ChiFS

Logo pending™

File Hash

This document lists a few random thoughts and considerations in the selection of a suitable hash function for ChiFS. This hash function will be used for the identification of unique files and for (incremental) verification of downloaded file contents.

Proposed candidate

BLAKE2b in tree hashing mode with the following parameters:

Parameter Value
Digest byte length 32 (256 bit hash)
Key none
Salt default (all-NULL)
Personalization default (all-NULL)
Fanout 2 (binary tree)
Maximal depth Unlimited
Leaf maximal byte length 4096
Inner hash byte length 32

The chosen fanout, depth and leaf byte length are taken from the generic tree mode described in the BLAKE2 paper. A 256-bit output hash is chosen as an acceptable compromise between security, efficiency and convenience. The inner hash byte length is the same as the digest byte length - using larger values will increase the storage requirements for intermediate hash nodes, for little security gain.

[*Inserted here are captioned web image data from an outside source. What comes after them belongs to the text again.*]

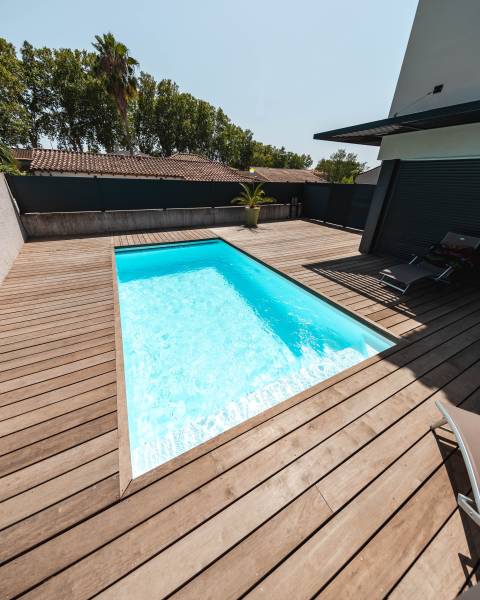 Piscine traditionnelle avec couverture automatique immergée.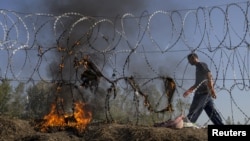 A Hungarian policeman walks past burning clothes belonging to Syrian migrants on a border fence between Serbia and Hungary near the village of Horgos on August 28.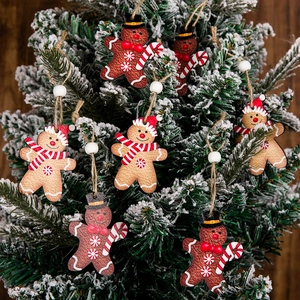 Gingerbread man wooden Christmas tree pendants with snow-covered branches decor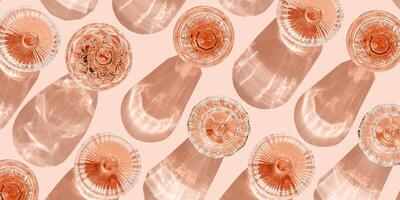 Minimal summer party banner, glasses of rose wine or champagne on pink with shadows and light reflections. Bright shine wineglass with sparkling alcohol drink at sunlight, top view monochrome pattern photo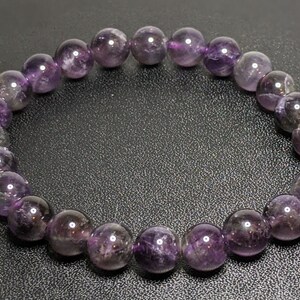 May include: A purple amethyst gemstone bracelet with round beads.
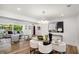 Bright dining area with open layout, connecting the living room, hardwood floors, and modern decor at 2685 Glenvalley Dr, Decatur, GA 30032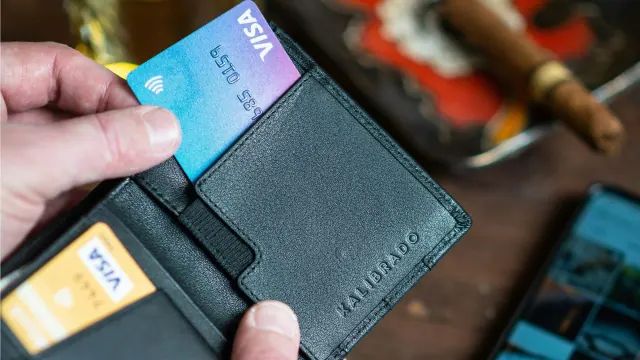 A person's hand is pulling out a blue Visa credit card from a black leather wallet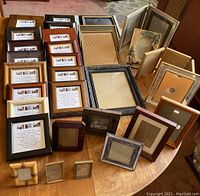 Collection of 26 assorted picture frames arranged on a wooden table, showing varied sizes and styles including both vintage and modern looks.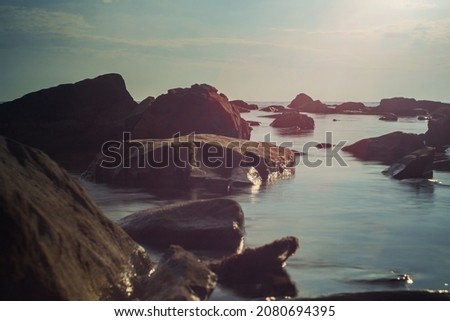 Close-up of rocks in seawater blurred by long exposure. Blue sky with clouds in the background. Beautiful red glare from the lens. Evening seascape Royalty-Free Stock Photo #2080694395
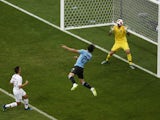 Uruguay's Edinson Cavani scores their first goal past Portugal's Rui Patricio on June 30, 2018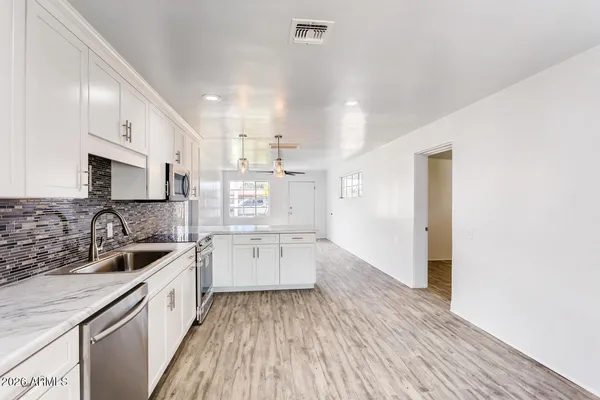 a kitchen that has a lot of cabinets in it and wooden floors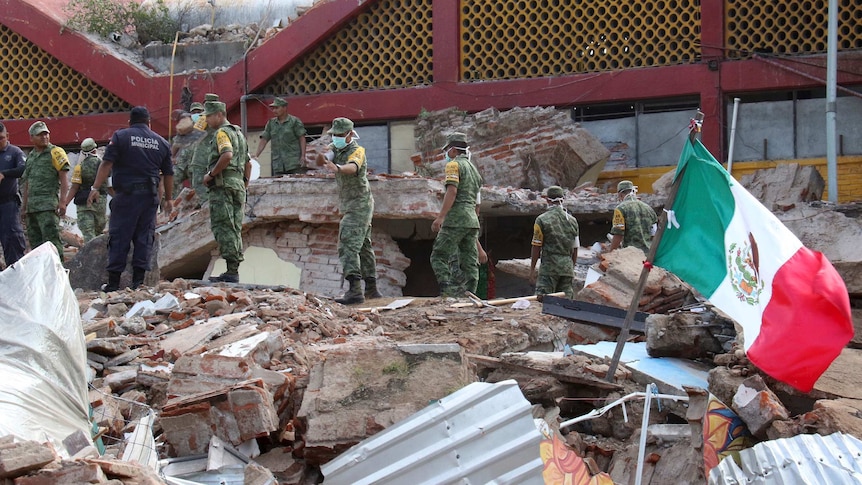 A group of soldiers stand on top of rubble with a Mexican flag next to them.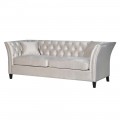 Chesterfield sedačka s prešívaním na lesklom zamatovom požahu v odtieňoch bielej doplnená čiernymi masívnymi nohami
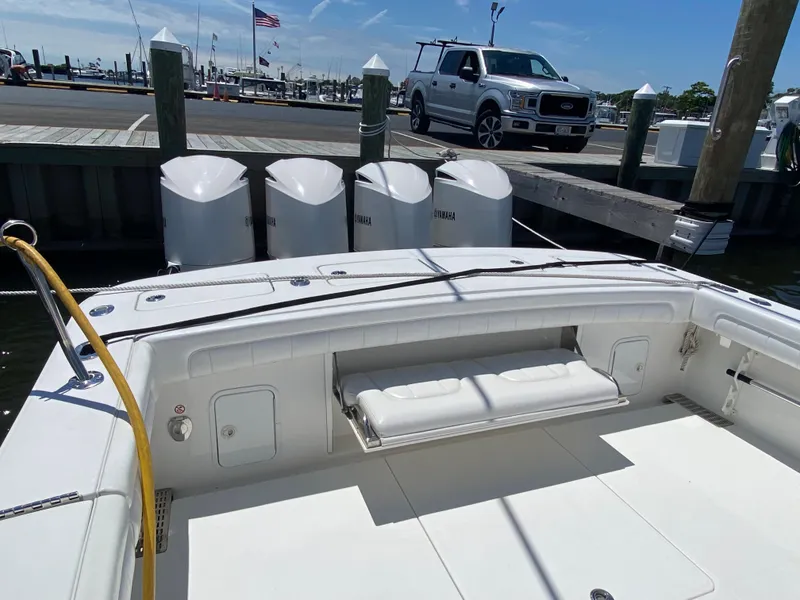 Slide: The Image of 2016 Regulator 41 boat docked with triple outboard engines, marina in background. - 33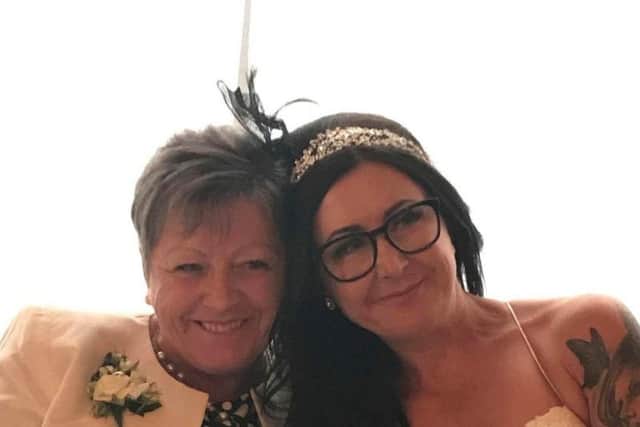 Kelly and her mum on her wedding day.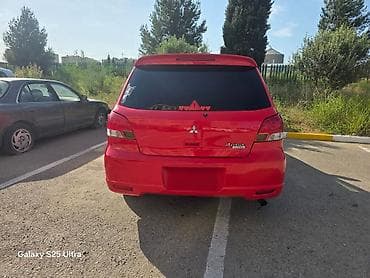 passat disk: Mitsubishi Airtrek: 0.2 l | 2002 il 285300 km Universal — 2
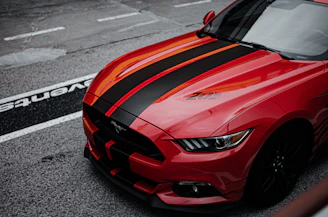 red ferrari 458 italia on road during daytime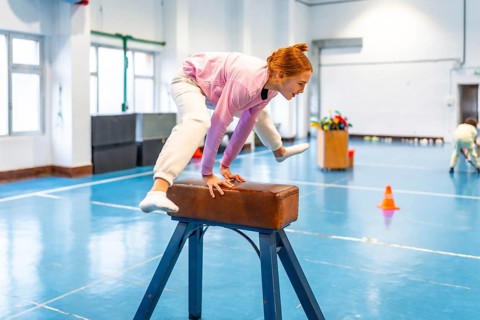 Redhead student practicing gymnastics on pommel horse, showing balance and coordination in school
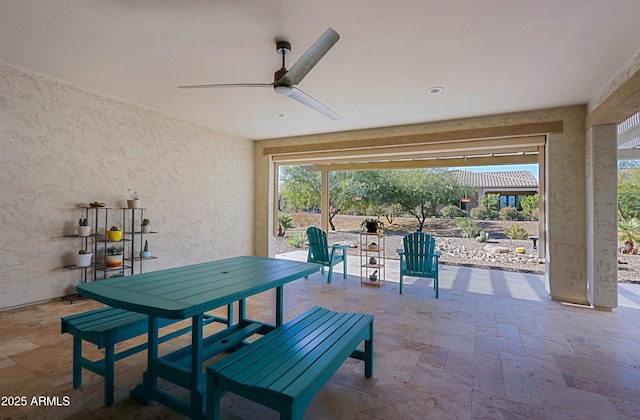 view of patio featuring ceiling fan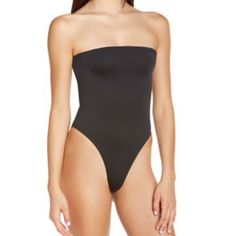 Frankies Bikinis Stella Strapless One-Piece Swimsuit In Black, Size Xs -Never Worn, Great Condition -Black -Size Xs Backless Smoothing Bodysuit For Beach, Smoothing Bodysuit For The Beach, One-piece Shapewear Swimwear With Smoothing Detail, One-piece Shapewear Swimwear, One-piece Smoothing Shapewear Swimwear, Seamless One-piece Bodysuit For Sunbathing, Sleek One-piece Stretch Swimwear, Sleek Stretch One-piece Swimwear, Sleek One-piece Bodysuit For Swimming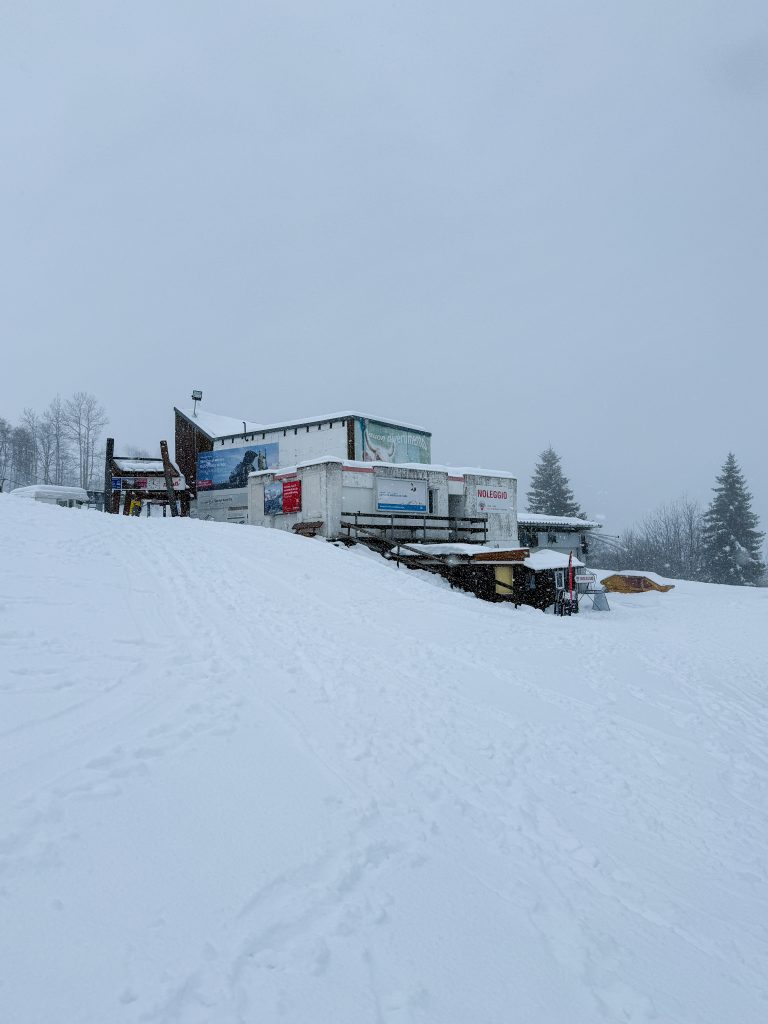 Amici del Nara in Switzerland - a truck parked on top of a snow covered hill.
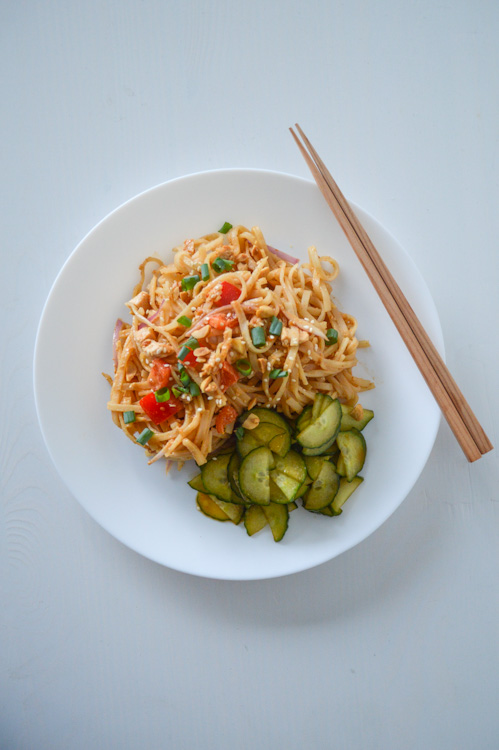 White plate with spicy peanut noodles, served cold, and a side of pickled cucumbers, seen with chopsticks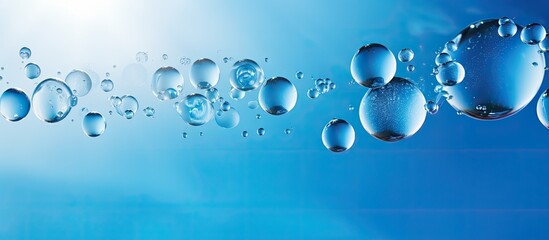 Poster - A vibrant macro abstract image showcases round bubbles of carbon dioxide floating in the translucent blue waters of the ocean providing ample copy space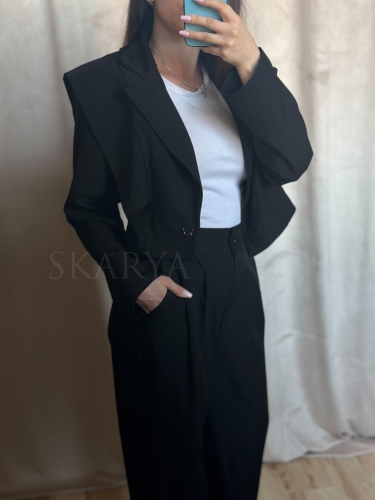 Czarny elegancki komplet. Krótka marynarka z podkreśloną linią ramion zapinana na guzik. Spodnie na gumce z szeroką nogawką typu wide leg, szlufki na pasek, kieszenie, lekki zwiewny materiał. Idealny na wyjątkowe okazje jak i na co dzień.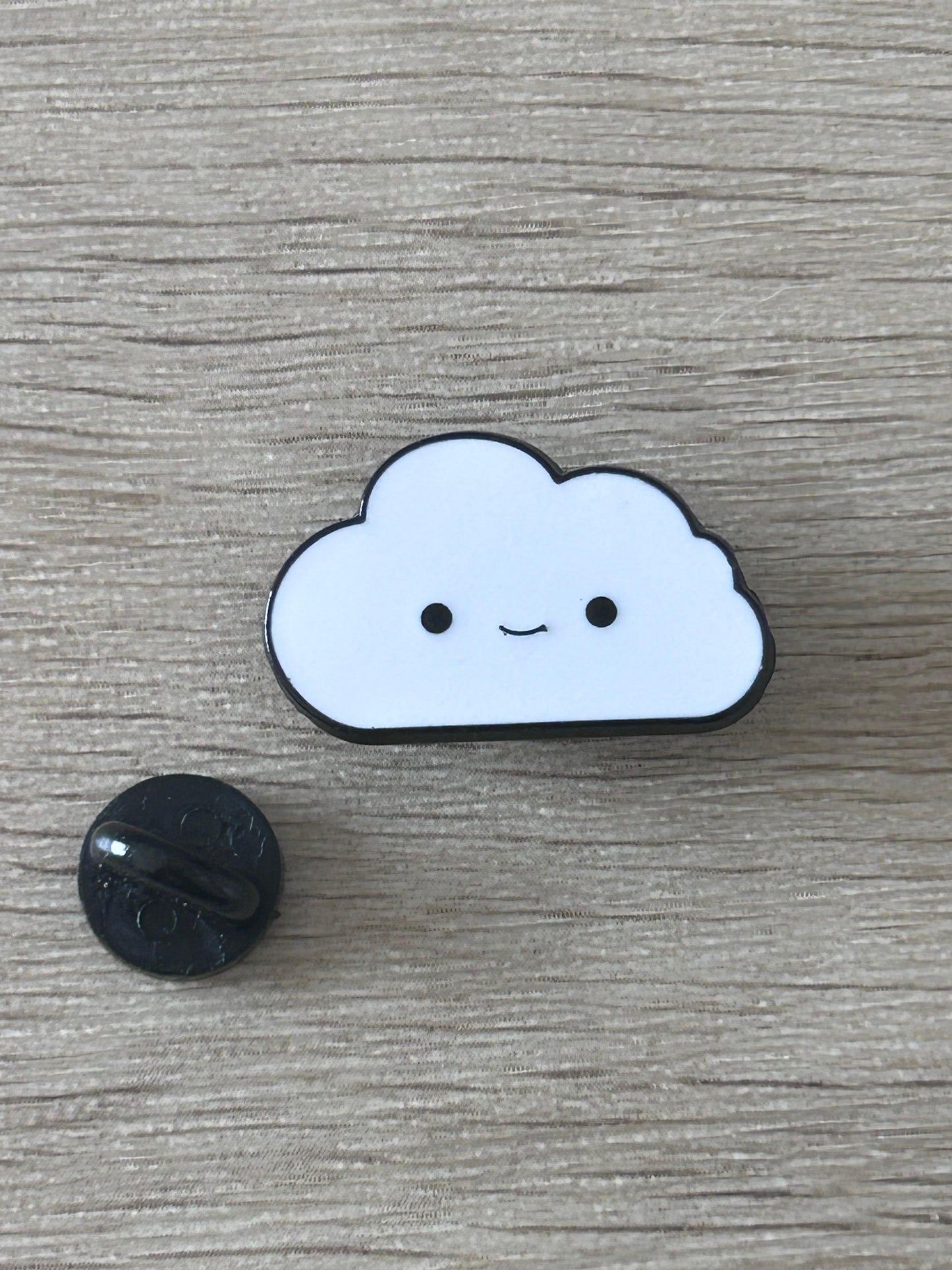 Pin's nuage souriant bleu clair à contour noir, avec attache noire visible.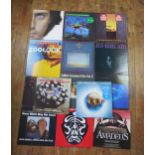 A collection of fourteen 33rpm records by various artists including Abba, Jean-Michel Jarre,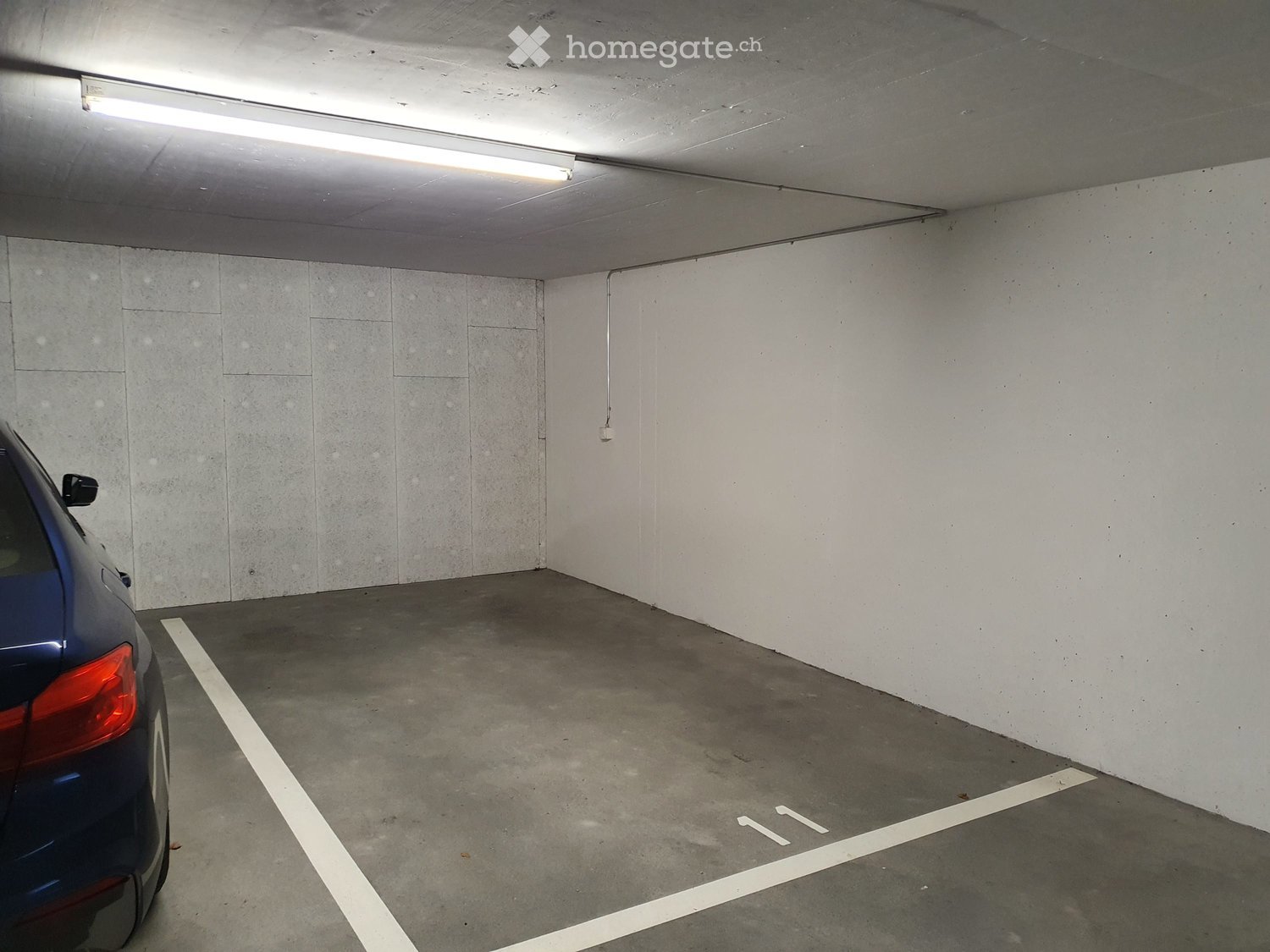 Underground parking space with a single car parked, marked parking spaces, and fluorescent lighting.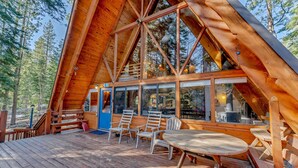 A wooden cabin with a large deck, multiple windows, and a dining area. - Woodsy Tahoe Cabin with Hot Tub and Deck (Carnelian Bay)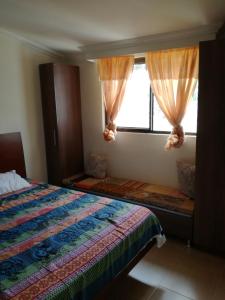 Schlafzimmer mit einem Bett und einem Fenster mit Vorhängen in der Unterkunft VISTALMONTE in Salento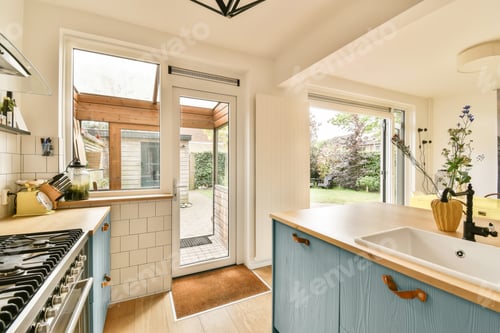Preview: a dining room with a wooden table and a kitchen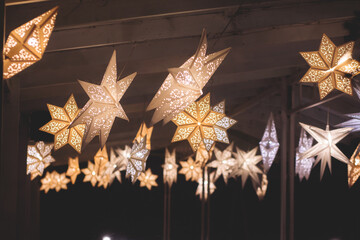 glowing electric decorations in a winter snowy street, with night decor illumination, christmas in e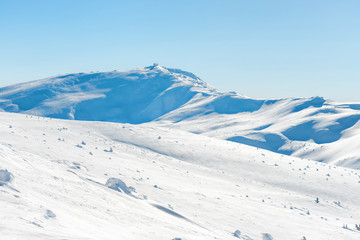 Fototapeta na wymiar Range of mountains peaks in snow. Winter landscape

(Root and intermediate) hashes will be encoded in the base58 variant used by Bitcoin addresses. Like in Bitcoin addresses, base58-encoded hashes should be prefixed with as many leading '1's as there are leading zero bytes in the binary hash. This hash is referred to as b2t in the rest of the protocol.

Existing solutions and considerations

What follows are a few notes that helped in the decision process for the chosen hash function.

Hash list vs. Merkle tree

The main advantages of a Merkle tree is interoperability: When using a Merkle tree with a predefined leaf block size, the root hash of a file will be the same regardless of the chosen block size of the intermediate hash nodes that are being kept around for verification.

Hash lists, as used by BitTorrent, do not have this property: The same file could hash to different Torrent hashes if the clients choose different chunk sizes.

Tiger Tree Hash (TTH)

TTH is combination of this construction of Merkle Hash Trees, and the tiger hash function. Freetiger is the fastest implementation I'm aware of.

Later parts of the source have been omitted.